Friday, January 25, 2013

Chunks of Poetry

I said in an earlier post in this series that the poetry in the Bible is meant to be read meditatively, thus slowly. So how does that fit into a "reading the Bible in chunks" approach? I stick with my earlier statement, but I also think that there is value to reading these books in large chunks. For one thing, the reader can avoid getting lost in the details. I think this is particularly important with the Book of Job. It is more important to get the overall sense of the statements than it is to try to figure out all the details. In addition, Job is a difficult book to translate because of its very high percentage of unusual words. So, with Job, pay attention to the larger things, and don't sweat the small stuff. With Psalms and Proverbs, the point of reading in chunks is to see the main themes that play out in the book. What are the chief concerns? You will probably get an entirely different sense of these books reading them this way.

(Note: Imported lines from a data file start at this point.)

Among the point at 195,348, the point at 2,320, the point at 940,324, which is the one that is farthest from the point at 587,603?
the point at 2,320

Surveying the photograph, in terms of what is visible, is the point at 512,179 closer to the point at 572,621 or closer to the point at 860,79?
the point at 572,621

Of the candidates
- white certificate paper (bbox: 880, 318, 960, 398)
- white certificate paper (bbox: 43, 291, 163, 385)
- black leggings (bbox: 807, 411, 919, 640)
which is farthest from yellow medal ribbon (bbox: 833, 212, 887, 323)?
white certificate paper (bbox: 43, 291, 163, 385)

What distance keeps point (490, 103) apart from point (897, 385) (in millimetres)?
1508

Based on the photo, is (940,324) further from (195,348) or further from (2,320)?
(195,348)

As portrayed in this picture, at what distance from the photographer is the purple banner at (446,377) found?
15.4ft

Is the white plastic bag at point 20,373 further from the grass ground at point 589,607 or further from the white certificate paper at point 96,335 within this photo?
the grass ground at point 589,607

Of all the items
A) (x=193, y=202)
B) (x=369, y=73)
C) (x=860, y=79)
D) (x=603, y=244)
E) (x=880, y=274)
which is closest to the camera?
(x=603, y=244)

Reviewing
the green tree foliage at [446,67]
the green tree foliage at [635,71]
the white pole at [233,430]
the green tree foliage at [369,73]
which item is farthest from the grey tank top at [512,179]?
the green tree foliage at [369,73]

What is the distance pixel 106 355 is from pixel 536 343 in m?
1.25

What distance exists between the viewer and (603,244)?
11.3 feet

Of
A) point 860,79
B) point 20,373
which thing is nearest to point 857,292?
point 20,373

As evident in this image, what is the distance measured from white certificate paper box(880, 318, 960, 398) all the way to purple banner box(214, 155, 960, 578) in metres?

So here are my suggestions for reading Job, Psalms, and Proverbs in chunks.

Job is divided into a prologue (chs 1-2), a series of dialogues (chs 3-26), a series of  monologues (chs 27-41), and an epilogue (ch 42).

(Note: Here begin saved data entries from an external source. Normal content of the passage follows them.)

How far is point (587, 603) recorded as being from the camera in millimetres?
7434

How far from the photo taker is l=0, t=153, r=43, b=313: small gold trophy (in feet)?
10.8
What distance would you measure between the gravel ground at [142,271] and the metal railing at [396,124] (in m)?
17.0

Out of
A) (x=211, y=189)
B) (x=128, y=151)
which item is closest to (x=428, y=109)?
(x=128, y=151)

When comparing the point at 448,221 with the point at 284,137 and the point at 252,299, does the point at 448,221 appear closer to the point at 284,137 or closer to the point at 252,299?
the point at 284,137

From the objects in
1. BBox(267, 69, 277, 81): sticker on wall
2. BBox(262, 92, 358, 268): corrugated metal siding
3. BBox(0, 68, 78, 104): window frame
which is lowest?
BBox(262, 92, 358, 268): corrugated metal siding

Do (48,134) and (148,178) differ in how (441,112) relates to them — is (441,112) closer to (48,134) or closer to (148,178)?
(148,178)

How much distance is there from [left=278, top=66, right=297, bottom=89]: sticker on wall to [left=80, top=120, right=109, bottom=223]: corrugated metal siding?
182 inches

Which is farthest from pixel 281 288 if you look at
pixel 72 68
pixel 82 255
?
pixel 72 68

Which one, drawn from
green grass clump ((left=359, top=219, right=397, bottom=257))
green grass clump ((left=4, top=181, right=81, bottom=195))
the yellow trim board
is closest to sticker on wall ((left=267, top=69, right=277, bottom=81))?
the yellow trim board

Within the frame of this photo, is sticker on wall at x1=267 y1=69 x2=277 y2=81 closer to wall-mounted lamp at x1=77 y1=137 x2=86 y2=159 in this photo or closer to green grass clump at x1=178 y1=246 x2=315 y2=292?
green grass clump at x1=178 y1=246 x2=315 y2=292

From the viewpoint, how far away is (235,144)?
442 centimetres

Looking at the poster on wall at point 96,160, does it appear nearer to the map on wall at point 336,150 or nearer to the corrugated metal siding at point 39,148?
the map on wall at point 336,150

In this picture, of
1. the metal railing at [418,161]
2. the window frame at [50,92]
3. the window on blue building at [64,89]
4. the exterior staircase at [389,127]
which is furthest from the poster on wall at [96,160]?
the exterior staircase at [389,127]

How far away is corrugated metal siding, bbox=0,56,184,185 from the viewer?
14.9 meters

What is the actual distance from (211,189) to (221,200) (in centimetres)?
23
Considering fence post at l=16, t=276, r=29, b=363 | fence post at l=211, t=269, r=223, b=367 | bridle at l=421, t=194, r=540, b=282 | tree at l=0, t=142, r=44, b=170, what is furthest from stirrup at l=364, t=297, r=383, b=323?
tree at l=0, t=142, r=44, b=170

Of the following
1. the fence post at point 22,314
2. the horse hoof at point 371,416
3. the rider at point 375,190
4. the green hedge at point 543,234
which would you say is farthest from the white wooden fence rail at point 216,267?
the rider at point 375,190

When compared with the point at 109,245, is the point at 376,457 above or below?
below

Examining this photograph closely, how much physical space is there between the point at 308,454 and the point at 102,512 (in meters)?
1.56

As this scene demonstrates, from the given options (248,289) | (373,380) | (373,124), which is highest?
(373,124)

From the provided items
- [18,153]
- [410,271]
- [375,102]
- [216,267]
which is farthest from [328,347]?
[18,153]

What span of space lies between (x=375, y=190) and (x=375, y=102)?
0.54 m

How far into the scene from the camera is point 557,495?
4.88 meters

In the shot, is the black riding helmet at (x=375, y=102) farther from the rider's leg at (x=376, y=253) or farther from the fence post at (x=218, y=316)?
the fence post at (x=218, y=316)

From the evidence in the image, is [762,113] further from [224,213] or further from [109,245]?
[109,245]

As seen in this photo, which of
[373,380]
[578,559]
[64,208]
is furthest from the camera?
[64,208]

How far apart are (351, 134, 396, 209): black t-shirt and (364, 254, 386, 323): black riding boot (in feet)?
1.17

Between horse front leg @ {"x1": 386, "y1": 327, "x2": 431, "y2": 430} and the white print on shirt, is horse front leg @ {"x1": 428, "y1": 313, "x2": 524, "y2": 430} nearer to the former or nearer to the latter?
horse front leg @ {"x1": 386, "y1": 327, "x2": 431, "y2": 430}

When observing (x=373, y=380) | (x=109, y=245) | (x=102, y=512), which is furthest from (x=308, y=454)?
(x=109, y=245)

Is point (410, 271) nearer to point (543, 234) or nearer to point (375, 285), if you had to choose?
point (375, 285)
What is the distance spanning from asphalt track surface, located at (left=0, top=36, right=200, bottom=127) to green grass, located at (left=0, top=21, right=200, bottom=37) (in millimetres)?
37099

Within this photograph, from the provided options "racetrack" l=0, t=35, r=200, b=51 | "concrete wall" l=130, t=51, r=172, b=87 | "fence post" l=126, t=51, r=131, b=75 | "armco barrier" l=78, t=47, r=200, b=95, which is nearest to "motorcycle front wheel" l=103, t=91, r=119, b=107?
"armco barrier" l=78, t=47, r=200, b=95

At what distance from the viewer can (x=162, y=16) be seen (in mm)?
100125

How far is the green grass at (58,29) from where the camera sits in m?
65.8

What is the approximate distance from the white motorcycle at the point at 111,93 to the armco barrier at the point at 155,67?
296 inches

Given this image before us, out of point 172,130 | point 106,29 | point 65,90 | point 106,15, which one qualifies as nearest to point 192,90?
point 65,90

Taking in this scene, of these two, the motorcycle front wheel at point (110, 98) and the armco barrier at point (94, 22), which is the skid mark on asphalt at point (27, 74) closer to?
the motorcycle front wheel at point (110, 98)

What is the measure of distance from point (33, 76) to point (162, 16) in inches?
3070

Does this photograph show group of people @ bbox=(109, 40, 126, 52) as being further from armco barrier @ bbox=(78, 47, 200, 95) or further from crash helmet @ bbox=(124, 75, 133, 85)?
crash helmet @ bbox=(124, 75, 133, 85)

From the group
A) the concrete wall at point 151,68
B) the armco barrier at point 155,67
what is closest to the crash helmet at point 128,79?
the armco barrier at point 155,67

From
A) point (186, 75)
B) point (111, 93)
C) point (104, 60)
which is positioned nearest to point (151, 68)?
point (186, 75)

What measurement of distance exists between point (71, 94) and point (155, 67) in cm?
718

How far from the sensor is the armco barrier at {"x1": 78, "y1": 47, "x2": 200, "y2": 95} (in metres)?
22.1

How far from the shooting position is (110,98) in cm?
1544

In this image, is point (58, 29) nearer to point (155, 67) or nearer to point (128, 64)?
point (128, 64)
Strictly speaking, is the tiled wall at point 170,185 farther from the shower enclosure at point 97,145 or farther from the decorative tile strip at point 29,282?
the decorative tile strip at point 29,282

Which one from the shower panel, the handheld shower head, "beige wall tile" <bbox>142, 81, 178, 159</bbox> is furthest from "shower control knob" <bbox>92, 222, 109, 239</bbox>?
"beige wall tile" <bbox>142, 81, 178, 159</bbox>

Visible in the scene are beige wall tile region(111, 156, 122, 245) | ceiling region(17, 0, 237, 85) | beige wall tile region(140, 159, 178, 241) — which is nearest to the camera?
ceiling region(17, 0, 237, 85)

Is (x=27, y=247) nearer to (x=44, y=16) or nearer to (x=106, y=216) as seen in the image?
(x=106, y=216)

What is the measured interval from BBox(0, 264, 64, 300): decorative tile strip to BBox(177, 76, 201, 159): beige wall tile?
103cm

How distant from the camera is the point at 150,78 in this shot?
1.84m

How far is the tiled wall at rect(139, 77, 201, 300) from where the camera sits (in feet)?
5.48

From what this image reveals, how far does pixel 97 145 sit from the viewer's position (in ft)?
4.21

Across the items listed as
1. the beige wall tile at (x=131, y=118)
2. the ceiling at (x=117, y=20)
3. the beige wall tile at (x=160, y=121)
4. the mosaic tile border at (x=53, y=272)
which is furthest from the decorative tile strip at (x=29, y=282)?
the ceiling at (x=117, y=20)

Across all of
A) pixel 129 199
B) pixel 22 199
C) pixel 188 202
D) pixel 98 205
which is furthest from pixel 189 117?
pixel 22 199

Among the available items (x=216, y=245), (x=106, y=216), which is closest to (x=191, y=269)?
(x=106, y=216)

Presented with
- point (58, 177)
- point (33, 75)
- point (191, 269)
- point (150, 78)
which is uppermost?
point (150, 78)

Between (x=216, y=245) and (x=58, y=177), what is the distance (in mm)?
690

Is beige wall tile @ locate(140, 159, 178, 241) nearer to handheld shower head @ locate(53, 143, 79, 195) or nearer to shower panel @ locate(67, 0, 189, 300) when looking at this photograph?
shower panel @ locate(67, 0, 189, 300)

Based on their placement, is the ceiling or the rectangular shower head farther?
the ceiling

Job 1-14 This is the prologue and the first round of dialogue. It may be pushing the half-hour limit, but not by much.
Job 15-26 The second and third rounds of dialogue
Job 27-37 The first two rounds of monologue (Job and Elihu)
Job 38-42 God's monologue and the epilogue

Psalms. This could be done by simply reading 25 psalms per day, since it takes about three hours to read through the Psalms. However, that leaves the fifth day's reading to be extraordinarily long (remember Psalm 119?). So here's my suggestion.

Psalms 1-29
Psalms 30-50
Psalms 51-74
Psalms 75-98
Psalms 99-118
Psalms 119-150

Proverbs. Should be able to do in two 30-minute readings,
Proverbs 1-17
Proverbs 18-31
(The later chapters in Proverbs tend to be longer than the earlier ones.)